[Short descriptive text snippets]

------------------------------

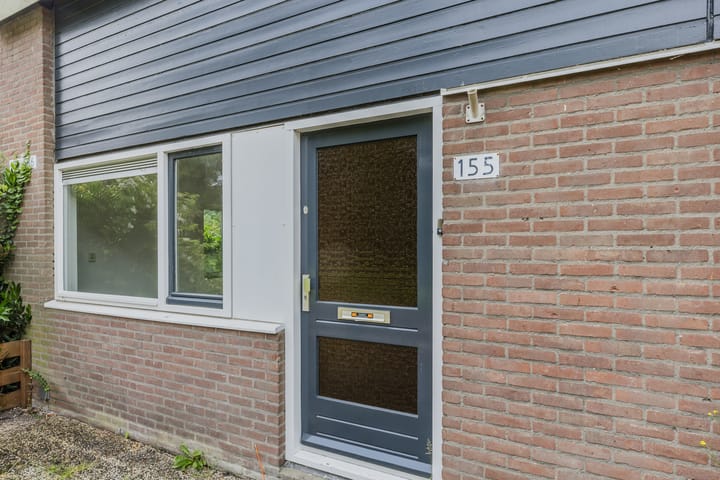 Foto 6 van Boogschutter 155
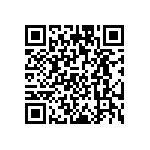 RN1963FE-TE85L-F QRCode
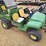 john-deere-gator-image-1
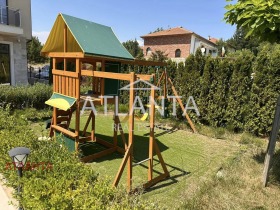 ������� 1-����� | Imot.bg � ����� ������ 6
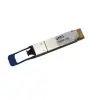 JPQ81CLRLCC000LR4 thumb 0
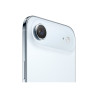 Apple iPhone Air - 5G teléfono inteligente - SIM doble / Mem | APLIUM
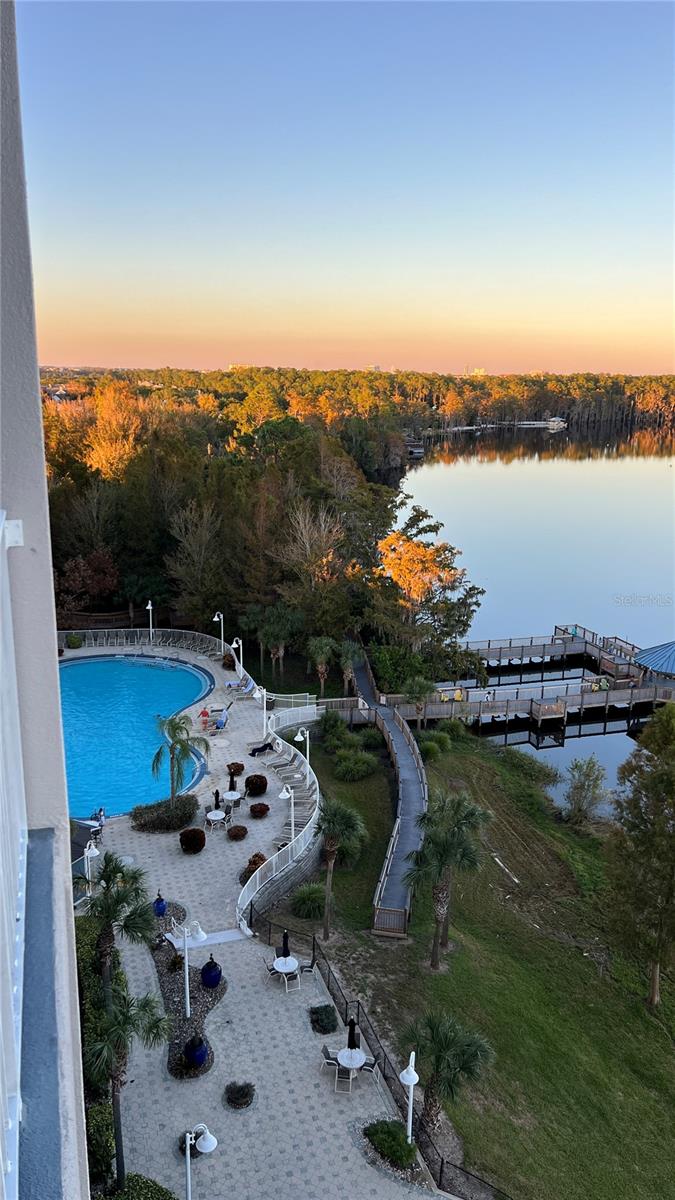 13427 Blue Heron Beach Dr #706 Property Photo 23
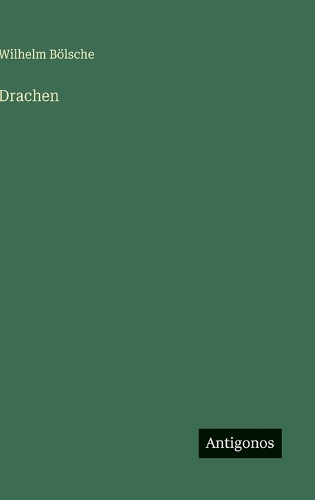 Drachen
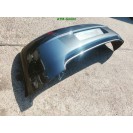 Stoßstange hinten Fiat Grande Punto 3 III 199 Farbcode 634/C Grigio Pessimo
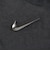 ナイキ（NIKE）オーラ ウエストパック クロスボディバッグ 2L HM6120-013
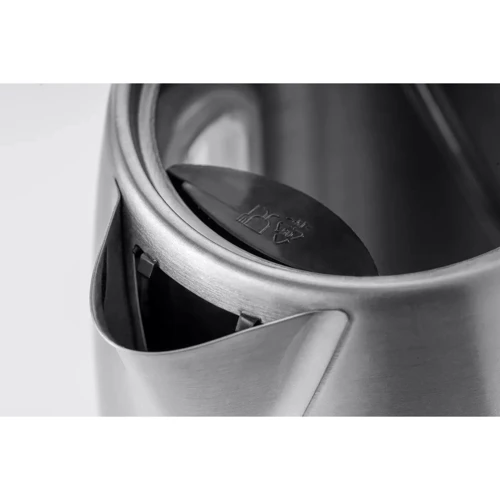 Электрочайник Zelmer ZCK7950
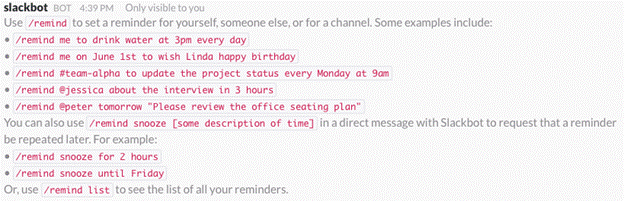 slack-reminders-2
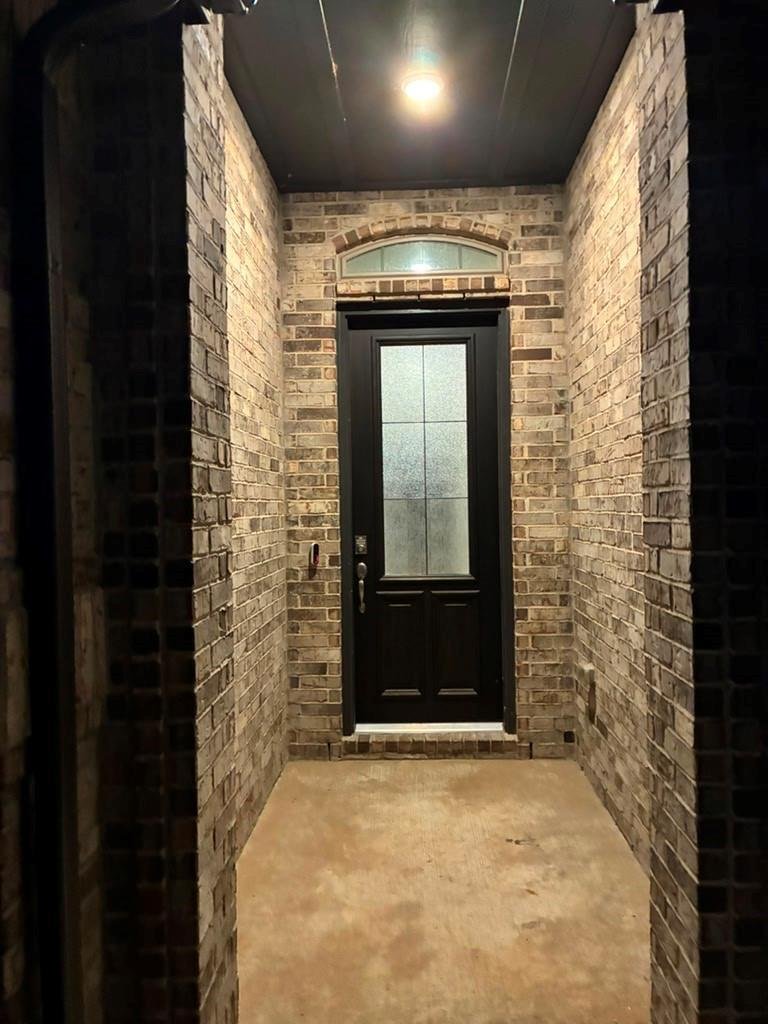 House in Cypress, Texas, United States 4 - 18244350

------------------------------

Write out, exactly and with nothing added, every line from the one that holds "ナイキ（NIKE）オーラ ウエストパック クロスボディバッグ 2L HM6120-013" to the end of the entries above; pictures stay out.

 ナイキ（NIKE）オーラ ウエストパック クロスボディバッグ 2L HM6120-013
 Электрочайник Zelmer ZCK7950
 slack-reminders-2
 House in Cypress, Texas, United States 4 - 18244350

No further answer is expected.